Challenger disaster: Americans share memories on 30th anniversary of space shuttle explosion

‘I remember our class gathering around a TV to watch. It was the first time I saw a teacher cry.’

On Jan. 28, 1986, the space shuttle Challenger exploded 73 seconds after takeoff, killing all seven onboard and forever changing the lives of those who witnessed it.

As their families gathered at the Kennedy Space Center on Thursday to mark the 30th anniversary of the disaster, Americans old enough to remember watching the Challenger’s fateful flight are sharing their memories online.

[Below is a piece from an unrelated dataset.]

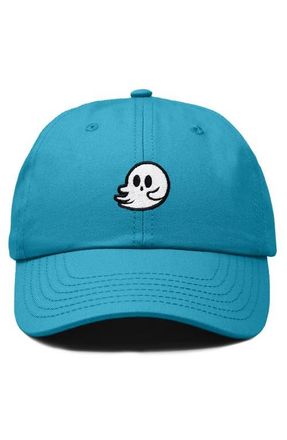 Dalix Whisper Ghost Dad Cap in Teal at Nordstrom
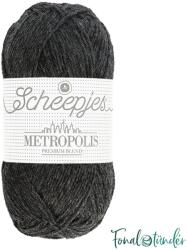 Scheepjes Metropolis 069 Miami - sötétszürke gyapjú fonal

In a series of tweets, Wall Street Journal columnist Peggy Noonan, who was President Ronald Reagan’s speechwriter at the time, recalled what was happening behind the scenes.


Noonan tweeted:

The Magee poem, High Flight, posed a challenge in the text. If the president quoted it [with] the preface, “As the poet JG Magee put it...” the end of the speech would not have worked and done its job. Clunky, awkward, would take you from RR’s thought to “Who’s Magee?” So I thought, it’s a famous enough poem that some will get the reference. I decided: put the Magee poem in quotes, without citation. Speech went out within WH for comment. All busy, chaos, tension. Didn’t know if RR would use the poem, he would if he knew it, if not no. As a precaution I called the press office — if reporters ask about the end of the speech it quotes poem by JG Magee, Jr. All set. Then an old friend I worked with at CBS called. Anything we should know about the speech? Stupidly, dumbly, I said yes. I told her the president may quote a poem at the end. Told her name and author. Thinking maybe after the speech they can read poem aloud. The CBS person got the Magee poem and gave it to anchor Dan Rather. But wires got crossed. He read part of the poem before Reagan spoke. I watched, heart in mouth. Oh no!  Then the president came on, gave his speech, used the quote. Relief. But I had to tell my boss. An anchor knew part of what the President would say in advance. Break of protocol in those days. I told the boss and was chastised. But in the flurry of the day my CBS mistake was hardly noticed. Went home that night upset about it, and feeling the speech hadn’t scoured, which was Lincoln’s word for what an effective speech does. Anyway, an awkward painful scattered day for all.